▸ **WHAT IS NEEDED**: Copy out the entries below precisely; nothing is to be omitted.
BEGIN RECORDS FOR THIS TASK
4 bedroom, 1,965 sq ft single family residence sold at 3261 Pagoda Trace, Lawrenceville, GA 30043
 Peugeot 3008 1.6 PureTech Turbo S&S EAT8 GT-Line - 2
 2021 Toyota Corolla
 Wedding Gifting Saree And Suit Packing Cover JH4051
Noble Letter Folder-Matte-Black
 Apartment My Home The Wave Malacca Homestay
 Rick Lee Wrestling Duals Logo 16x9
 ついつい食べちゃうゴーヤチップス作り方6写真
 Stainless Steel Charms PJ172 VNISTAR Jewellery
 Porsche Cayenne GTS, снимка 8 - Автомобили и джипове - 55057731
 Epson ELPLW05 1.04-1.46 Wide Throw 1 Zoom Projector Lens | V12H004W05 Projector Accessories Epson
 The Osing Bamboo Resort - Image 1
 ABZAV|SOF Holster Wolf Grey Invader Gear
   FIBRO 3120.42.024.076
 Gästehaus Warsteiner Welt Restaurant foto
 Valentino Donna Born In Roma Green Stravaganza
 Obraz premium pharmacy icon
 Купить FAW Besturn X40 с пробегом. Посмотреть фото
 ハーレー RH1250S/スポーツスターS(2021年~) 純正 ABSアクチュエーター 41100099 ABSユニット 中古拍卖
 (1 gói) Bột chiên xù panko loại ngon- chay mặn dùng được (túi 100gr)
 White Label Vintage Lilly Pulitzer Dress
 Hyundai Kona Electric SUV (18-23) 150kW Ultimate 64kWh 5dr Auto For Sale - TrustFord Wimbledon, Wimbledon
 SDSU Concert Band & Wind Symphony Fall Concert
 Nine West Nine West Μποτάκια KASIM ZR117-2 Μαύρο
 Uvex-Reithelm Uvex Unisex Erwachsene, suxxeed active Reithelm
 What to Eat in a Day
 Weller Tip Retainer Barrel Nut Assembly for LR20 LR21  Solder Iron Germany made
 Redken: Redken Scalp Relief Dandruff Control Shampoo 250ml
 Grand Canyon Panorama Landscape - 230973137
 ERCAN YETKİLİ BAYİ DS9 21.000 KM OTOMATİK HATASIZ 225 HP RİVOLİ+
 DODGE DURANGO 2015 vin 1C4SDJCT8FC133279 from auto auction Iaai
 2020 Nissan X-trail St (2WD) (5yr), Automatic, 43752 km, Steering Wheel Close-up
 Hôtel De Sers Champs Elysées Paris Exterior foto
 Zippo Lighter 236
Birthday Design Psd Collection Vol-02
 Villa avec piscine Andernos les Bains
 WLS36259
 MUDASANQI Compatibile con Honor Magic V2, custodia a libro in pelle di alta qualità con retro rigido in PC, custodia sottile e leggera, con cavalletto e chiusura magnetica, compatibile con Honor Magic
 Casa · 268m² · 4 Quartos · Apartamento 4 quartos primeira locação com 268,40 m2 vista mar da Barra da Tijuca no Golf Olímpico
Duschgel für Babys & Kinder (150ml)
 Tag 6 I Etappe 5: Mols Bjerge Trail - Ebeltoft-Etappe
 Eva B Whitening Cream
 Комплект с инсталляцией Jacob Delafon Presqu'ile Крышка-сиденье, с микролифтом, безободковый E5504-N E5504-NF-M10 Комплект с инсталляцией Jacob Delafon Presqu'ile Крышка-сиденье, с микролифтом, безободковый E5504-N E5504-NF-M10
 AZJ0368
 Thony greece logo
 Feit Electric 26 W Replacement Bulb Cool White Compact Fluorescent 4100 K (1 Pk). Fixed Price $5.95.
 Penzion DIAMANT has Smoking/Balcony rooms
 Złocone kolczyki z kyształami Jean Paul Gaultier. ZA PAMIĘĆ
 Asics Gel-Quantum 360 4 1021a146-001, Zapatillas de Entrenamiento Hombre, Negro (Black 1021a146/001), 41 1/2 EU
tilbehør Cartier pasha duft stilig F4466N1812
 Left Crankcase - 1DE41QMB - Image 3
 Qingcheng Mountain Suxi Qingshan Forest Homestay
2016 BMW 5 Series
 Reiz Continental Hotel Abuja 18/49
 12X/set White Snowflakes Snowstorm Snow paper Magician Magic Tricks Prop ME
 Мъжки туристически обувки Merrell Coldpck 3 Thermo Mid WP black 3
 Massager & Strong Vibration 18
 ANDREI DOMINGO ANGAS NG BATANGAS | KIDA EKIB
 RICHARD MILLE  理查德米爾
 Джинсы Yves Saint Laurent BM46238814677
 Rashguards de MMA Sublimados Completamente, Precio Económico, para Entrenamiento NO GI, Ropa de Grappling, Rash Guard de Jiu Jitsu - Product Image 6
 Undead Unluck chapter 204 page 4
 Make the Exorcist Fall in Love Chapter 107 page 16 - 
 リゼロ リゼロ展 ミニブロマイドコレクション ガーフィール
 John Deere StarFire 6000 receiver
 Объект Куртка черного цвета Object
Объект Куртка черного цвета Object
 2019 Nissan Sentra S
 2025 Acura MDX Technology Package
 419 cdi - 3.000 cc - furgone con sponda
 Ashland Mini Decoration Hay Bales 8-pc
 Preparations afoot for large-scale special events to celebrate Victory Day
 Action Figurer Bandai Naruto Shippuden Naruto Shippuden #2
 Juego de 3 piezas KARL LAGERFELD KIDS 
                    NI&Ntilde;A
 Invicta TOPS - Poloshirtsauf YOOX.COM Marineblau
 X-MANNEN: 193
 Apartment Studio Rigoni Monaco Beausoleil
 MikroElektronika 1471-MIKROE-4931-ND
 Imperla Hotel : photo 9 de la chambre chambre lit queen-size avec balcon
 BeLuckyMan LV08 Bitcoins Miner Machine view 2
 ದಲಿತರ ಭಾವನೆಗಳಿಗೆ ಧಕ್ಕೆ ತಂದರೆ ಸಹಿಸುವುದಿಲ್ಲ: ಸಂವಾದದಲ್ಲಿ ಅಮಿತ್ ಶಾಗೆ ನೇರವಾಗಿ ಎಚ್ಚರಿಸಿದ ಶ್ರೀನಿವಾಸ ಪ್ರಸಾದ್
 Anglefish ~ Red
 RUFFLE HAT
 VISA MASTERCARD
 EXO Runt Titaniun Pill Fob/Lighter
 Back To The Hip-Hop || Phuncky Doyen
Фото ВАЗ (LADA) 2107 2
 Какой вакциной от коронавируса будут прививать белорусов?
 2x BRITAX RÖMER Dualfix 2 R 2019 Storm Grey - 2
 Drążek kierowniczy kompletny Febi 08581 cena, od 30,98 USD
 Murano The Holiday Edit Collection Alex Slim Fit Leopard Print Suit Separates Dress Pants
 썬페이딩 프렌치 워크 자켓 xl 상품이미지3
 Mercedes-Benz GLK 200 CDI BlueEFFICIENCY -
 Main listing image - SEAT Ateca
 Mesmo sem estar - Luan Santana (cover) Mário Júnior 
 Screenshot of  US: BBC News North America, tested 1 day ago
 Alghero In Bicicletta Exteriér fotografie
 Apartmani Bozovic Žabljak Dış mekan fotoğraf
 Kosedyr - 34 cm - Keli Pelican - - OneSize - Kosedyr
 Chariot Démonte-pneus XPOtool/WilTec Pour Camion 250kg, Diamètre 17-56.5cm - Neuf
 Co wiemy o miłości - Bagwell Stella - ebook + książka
END RECORDS FOR THIS TASK
▸ **TASK RESULT**:
4 bedroom, 1,965 sq ft single family residence sold at 3261 Pagoda Trace, Lawrenceville, GA 30043
 Peugeot 3008 1.6 PureTech Turbo S&S EAT8 GT-Line - 2
 2021 Toyota Corolla
 Wedding Gifting Saree And Suit Packing Cover JH4051
Noble Letter Folder-Matte-Black
 Apartment My Home The Wave Malacca Homestay
 Rick Lee Wrestling Duals Logo 16x9
 ついつい食べちゃうゴーヤチップス作り方6写真
 Stainless Steel Charms PJ172 VNISTAR Jewellery
 Porsche Cayenne GTS, снимка 8 - Автомобили и джипове - 55057731
 Epson ELPLW05 1.04-1.46 Wide Throw 1 Zoom Projector Lens | V12H004W05 Projector Accessories Epson
 The Osing Bamboo Resort - Image 1
 ABZAV|SOF Holster Wolf Grey Invader Gear
   FIBRO 3120.42.024.076
 Gästehaus Warsteiner Welt Restaurant foto
 Valentino Donna Born In Roma Green Stravaganza
 Obraz premium pharmacy icon
 Купить FAW Besturn X40 с пробегом. Посмотреть фото
 ハーレー RH1250S/スポーツスターS(2021年~) 純正 ABSアクチュエーター 41100099 ABSユニット 中古拍卖
 (1 gói) Bột chiên xù panko loại ngon- chay mặn dùng được (túi 100gr)
 White Label Vintage Lilly Pulitzer Dress
 Hyundai Kona Electric SUV (18-23) 150kW Ultimate 64kWh 5dr Auto For Sale - TrustFord Wimbledon, Wimbledon
 SDSU Concert Band & Wind Symphony Fall Concert
 Nine West Nine West Μποτάκια KASIM ZR117-2 Μαύρο
 Uvex-Reithelm Uvex Unisex Erwachsene, suxxeed active Reithelm
 What to Eat in a Day
 Weller Tip Retainer Barrel Nut Assembly for LR20 LR21  Solder Iron Germany made
 Redken: Redken Scalp Relief Dandruff Control Shampoo 250ml
 Grand Canyon Panorama Landscape - 230973137
 ERCAN YETKİLİ BAYİ DS9 21.000 KM OTOMATİK HATASIZ 225 HP RİVOLİ+
 DODGE DURANGO 2015 vin 1C4SDJCT8FC133279 from auto auction Iaai
 2020 Nissan X-trail St (2WD) (5yr), Automatic, 43752 km, Steering Wheel Close-up
 Hôtel De Sers Champs Elysées Paris Exterior foto
 Zippo Lighter 236
Birthday Design Psd Collection Vol-02
 Villa avec piscine Andernos les Bains
 WLS36259
 MUDASANQI Compatibile con Honor Magic V2, custodia a libro in pelle di alta qualità con retro rigido in PC, custodia sottile e leggera, con cavalletto e chiusura magnetica, compatibile con Honor Magic
 Casa · 268m² · 4 Quartos · Apartamento 4 quartos primeira locação com 268,40 m2 vista mar da Barra da Tijuca no Golf Olímpico
Duschgel für Babys & Kinder (150ml)
 Tag 6 I Etappe 5: Mols Bjerge Trail - Ebeltoft-Etappe
 Eva B Whitening Cream
 Комплект с инсталляцией Jacob Delafon Presqu'ile Крышка-сиденье, с микролифтом, безободковый E5504-N E5504-NF-M10 Комплект с инсталляцией Jacob Delafon Presqu'ile Крышка-сиденье, с микролифтом, безободковый E5504-N E5504-NF-M10
 AZJ0368
 Thony greece logo
 Feit Electric 26 W Replacement Bulb Cool White Compact Fluorescent 4100 K (1 Pk). Fixed Price $5.95.
 Penzion DIAMANT has Smoking/Balcony rooms
 Złocone kolczyki z kyształami Jean Paul Gaultier. ZA PAMIĘĆ
 Asics Gel-Quantum 360 4 1021a146-001, Zapatillas de Entrenamiento Hombre, Negro (Black 1021a146/001), 41 1/2 EU
tilbehør Cartier pasha duft stilig F4466N1812
 Left Crankcase - 1DE41QMB - Image 3
 Qingcheng Mountain Suxi Qingshan Forest Homestay
2016 BMW 5 Series
 Reiz Continental Hotel Abuja 18/49
 12X/set White Snowflakes Snowstorm Snow paper Magician Magic Tricks Prop ME
 Мъжки туристически обувки Merrell Coldpck 3 Thermo Mid WP black 3
 Massager & Strong Vibration 18
 ANDREI DOMINGO ANGAS NG BATANGAS | KIDA EKIB
 RICHARD MILLE  理查德米爾
 Джинсы Yves Saint Laurent BM46238814677
 Rashguards de MMA Sublimados Completamente, Precio Económico, para Entrenamiento NO GI, Ropa de Grappling, Rash Guard de Jiu Jitsu - Product Image 6
 Undead Unluck chapter 204 page 4
 Make the Exorcist Fall in Love Chapter 107 page 16 - 
 リゼロ リゼロ展 ミニブロマイドコレクション ガーフィール
 John Deere StarFire 6000 receiver
 Объект Куртка черного цвета Object
Объект Куртка черного цвета Object
 2019 Nissan Sentra S
 2025 Acura MDX Technology Package
 419 cdi - 3.000 cc - furgone con sponda
 Ashland Mini Decoration Hay Bales 8-pc
 Preparations afoot for large-scale special events to celebrate Victory Day
 Action Figurer Bandai Naruto Shippuden Naruto Shippuden #2
 Juego de 3 piezas KARL LAGERFELD KIDS 
                    NI&Ntilde;A
 Invicta TOPS - Poloshirtsauf YOOX.COM Marineblau
 X-MANNEN: 193
 Apartment Studio Rigoni Monaco Beausoleil
 MikroElektronika 1471-MIKROE-4931-ND
 Imperla Hotel : photo 9 de la chambre chambre lit queen-size avec balcon
 BeLuckyMan LV08 Bitcoins Miner Machine view 2
 ದಲಿತರ ಭಾವನೆಗಳಿಗೆ ಧಕ್ಕೆ ತಂದರೆ ಸಹಿಸುವುದಿಲ್ಲ: ಸಂವಾದದಲ್ಲಿ ಅಮಿತ್ ಶಾಗೆ ನೇರವಾಗಿ ಎಚ್ಚರಿಸಿದ ಶ್ರೀನಿವಾಸ ಪ್ರಸಾದ್
 Anglefish ~ Red
 RUFFLE HAT
 VISA MASTERCARD
 EXO Runt Titaniun Pill Fob/Lighter
 Back To The Hip-Hop || Phuncky Doyen
Фото ВАЗ (LADA) 2107 2
 Какой вакциной от коронавируса будут прививать белорусов?
 2x BRITAX RÖMER Dualfix 2 R 2019 Storm Grey - 2
 Drążek kierowniczy kompletny Febi 08581 cena, od 30,98 USD
 Murano The Holiday Edit Collection Alex Slim Fit Leopard Print Suit Separates Dress Pants
 썬페이딩 프렌치 워크 자켓 xl 상품이미지3
 Mercedes-Benz GLK 200 CDI BlueEFFICIENCY -
 Main listing image - SEAT Ateca
 Mesmo sem estar - Luan Santana (cover) Mário Júnior 
 Screenshot of  US: BBC News North America, tested 1 day ago
 Alghero In Bicicletta Exteriér fotografie
 Apartmani Bozovic Žabljak Dış mekan fotoğraf
 Kosedyr - 34 cm - Keli Pelican - - OneSize - Kosedyr
 Chariot Démonte-pneus XPOtool/WilTec Pour Camion 250kg, Diamètre 17-56.5cm - Neuf
 Co wiemy o miłości - Bagwell Stella - ebook + książka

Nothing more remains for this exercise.